Dans ce quartier en tension, au milieu d’acteurs ayant des intérêts qui ne sont pas toujours conciliables, je sollicite une aide à la création afin de préserver mon indépendance et la possibilité de rencontres directes avec les habitants. Je souhaite témoigner de ces mutations urbaines de leur point de vue, sans dépendre des acteurs économiques qui abordent le projet dans un objectif de communication institutionnelle. En effet en 2013, dans la continuité des projets ANRU, François Lamy instaure le comité d’experts « Mémoire et histoire des quartiers populaires » qui a donné lieu, via ses propositions, à des projets territoriaux financés par les bailleurs sociaux eux-mêmes. Ils font appel aux artistes qui seraient des médiateurs, des passeurs au service de la rénovation. Ceux- ci peuvent être proches des discours politiques, sélectionner des mémoires heureuses, des discours apaisés afin d’attirer de nouvelles populations dans un quartier devenu plus attractif. Comme le souligne Barbara Morovich dans « Entre stigmates et mémoires : dynamique paradoxales de la rénovation urbaine » (Articulo, 2014/5), « Les artistes seraient-ils réellement en mesure de faire émerger des mémoires occultées ou seraient-ils des médiateurs, des passeurs au service de la rénovation urbaine qui met en place des rites de passage pour la requalification symbolique d’un territoire, afin de préparer le changement de population ? […] Les actions ne sont pas mises en lien les unes avec les autres, ni en lien avec les archives ».
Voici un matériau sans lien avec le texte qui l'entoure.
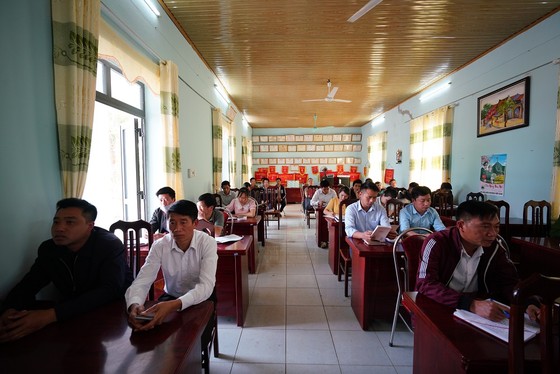 Băng hàng chục cây số đường rừng để học Nghị quyết của Đảng ảnh 7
Au-delà du témoignage mémoriel, aborder la réhabilitation implique selon moi une approche sociale : qui sont les habitants des logements sociaux, comment vivent-ils le paradoxe entre leur fierté d’être « d’ici », de la cité, et leur rêve d’en sortir, quel est la place des femmes dans cette cité ? L’image de la mère « mama » et celle de la jeune fille qui doit s’affirmer pour exister, ne laissent que peu de place à la diversité des représentations, d’autant plus lorsqu’elle est investie par le rap ou le football, parole souvent masculine.

Une des définitions possible de la réhabilitation pouvant être : préserver la fierté d’être ici tout en permettant de retrouver la fierté d’habiter là.